So throughout my career I've had a chance to work with all these folks and to see how today's management style is a little bit different than then. So NASA has changed. In the earlier days it was a pretty hard environment, you were challenged very up front. You either knew your stuff or you weren't even permitted to give presentations and you were done, whereas in today's world we're probably more forgiving. We're not as hard as we were back then. But

The other thing that's changed a lot is the technology. In the Control Center today the new computer systems and the new software they have for the Space Station Flight Control Team is dramatically different than what I had as a flight controller. If you looked at what I had as a flight controller, it was really rudimentary, very simple compared to the complex software and complex operation that the new flight controllers have.

That's another thing I really enjoy is occasionally I'll sneak over and sit next to the flight controllers in the Space Station Program and just watch what they're doing and just talk to them about their job and they don't quite know who I am, but it works out just great, to see that the same joy, the same excitement, the same really love of their job is there that I've shared throughout my life. So it's neat that that same spirit, that same deep internal motivation that was there in my beginning days at NASA even in the aeronautics side is still within NASA today. So that aspect of NASA has remained consistent.

Now the technology and some of the meeting styles and some of the management controls, those things have changed over time. But that underlying drive, that underlying spirit has been there since throughout my career.

Wright: Well, what are some of the lessons that you've learned through this career that you've taken to your current position?

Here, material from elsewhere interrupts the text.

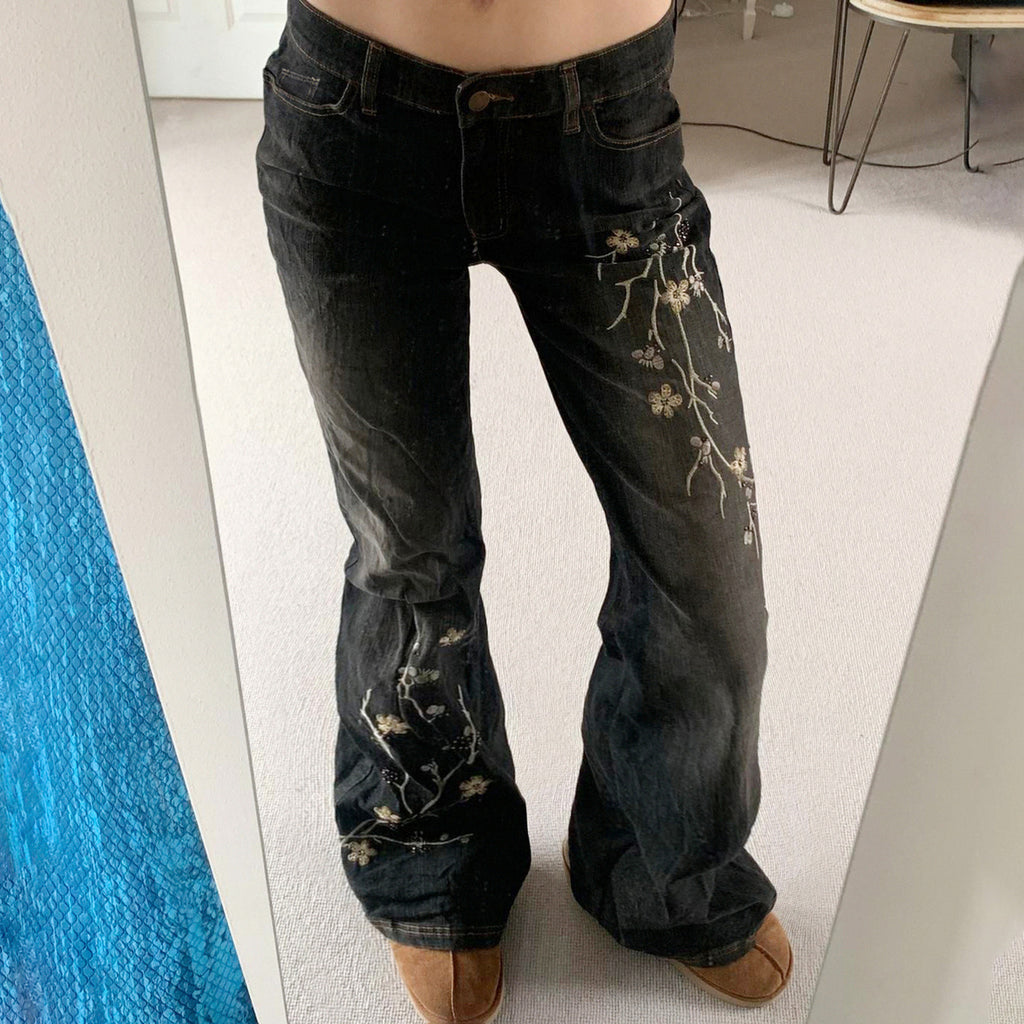 Plant flower embroidery slim fit and slimming flared jeans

Gerstenmaier: Boy, I think I've learned a couple things. One definitely is that everyone's position really has merit. So early on I was doing a project and one of the guys in the Avionics Division was thought of as not very productive within the division and he was assigned not very good jobs to go do. I didn't know that. Then I came in from the operations side and he explained to me how some things ought to be wired and put together in the avionics system. I would take what he told me and then I would feed it back to his own division and they thought I was some kind of genius because I could do all this electronic stuff. Well, it wasn't really me, it was actually this person within their own division that they had written off as not being valuable.

So what I learned out of that was that some folks don't present very well, and they get branded as not being a strong contributor, and they may not in all areas, but they still have something that they can really contribute. So I learned to listen extra hard. So then when my initial reaction is maybe not to listen to a comment from somebody or to dismiss something, I want to make sure the little red flag goes off in my head and says okay listen extra hard, because this person really is trying to tell you something and you need to value what they're trying to tell you. It may not be exactly what you want to hear, or it may not be exactly on target, but it has meaning and it can help you do a better job. So I've learned to really value and pull data and information from a whole variety of different sources. So I think that's one thing that I've learned.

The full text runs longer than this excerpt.